The Register has seen a copy of a letter of intent from Cogit, a technology-focused consulting group based in New Jersey, offering to buy out RegisterFly’s CEO and sole shareholder Kevin Medina for $1.15 mil. Whether or not Medina has indicated any interest in selling is another matter, and there is a continuing cloud of litigation over the struggling company that could hamper any attempted sale.

A federal court in California recently ordered RegisterFly to turn over all its registrant data to ICANN, the California nonprofit responsible for the accreditation of domain registrars worldwide. ICANN and RegisterFly are involved in an ongoing dispute over whether or not RegisterFly has lived up to the terms of its registrar agreement. ICANN recently revoked RegisterFly’s accreditation in response to an avalanche of customer complaints, and the two parties are currently in arbitration over RegisterFly’s status.

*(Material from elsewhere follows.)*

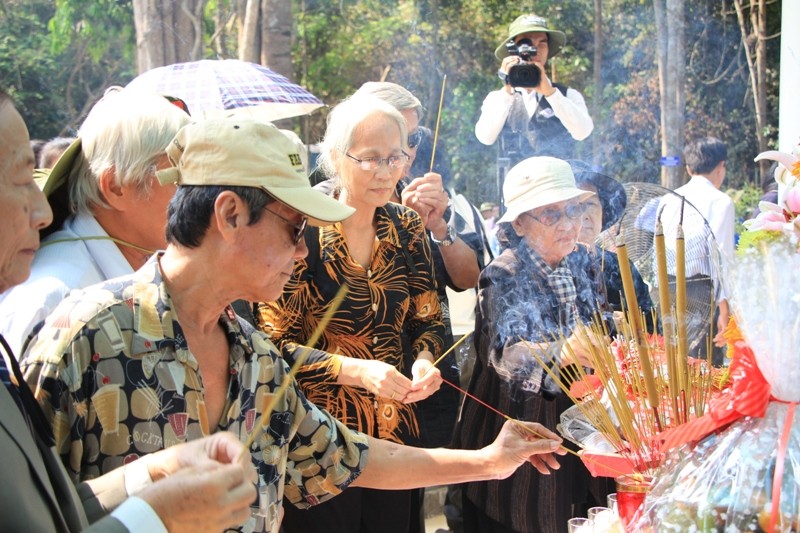 Các đại biểu về dự lễ khánh thành đến dâng hương Nhà lưu niệm đồng chí Huỳnh Thanh Mua.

The letter of intent makes the sale contingent on Medina personally assuming liability for the company’s debts and liabilities, giving the Cogit Group a fresh start as owner. Paragraph 5 of the letter states: “Buyer shall not be obligated to assume any debts or liabilities of the Company.” Medina lives in Florida, which allows an unlimited asset exemption for equity in a primary residence; one can only assume that under this scenario Medina would be looking into bankruptcy protection, and $1.15 mil would be enough for a nice residential property, even in Miami Beach.

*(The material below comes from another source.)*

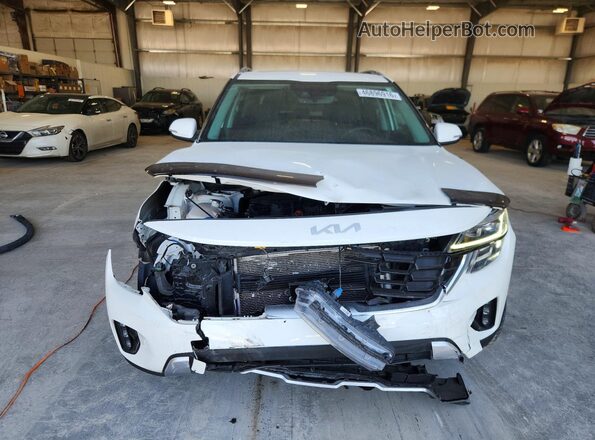 KNDETCA78R7573355 2024 KIA SELTOS White Widok z przodu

As of publication, calls to Cogit seeking comment had not been returned.

All of this could well be halted by court order, but sale of the registrar might not be such a bad thing for RegisterFly’s long-suffering customers. It could inject some welcome professionalism into the operation of the woefully mismanaged company, and possibly prevent its complete dissolution. Of course, the deal would have to move fast - the company would be worth less after it loses its accreditation, if that is the direction the arbitrator chooses to go. Ironically, it would also provide backdoor accreditation to yet another owner after ICANN has publicly cited accreditation through purchase as a principal cause of the RegisterFly debacle.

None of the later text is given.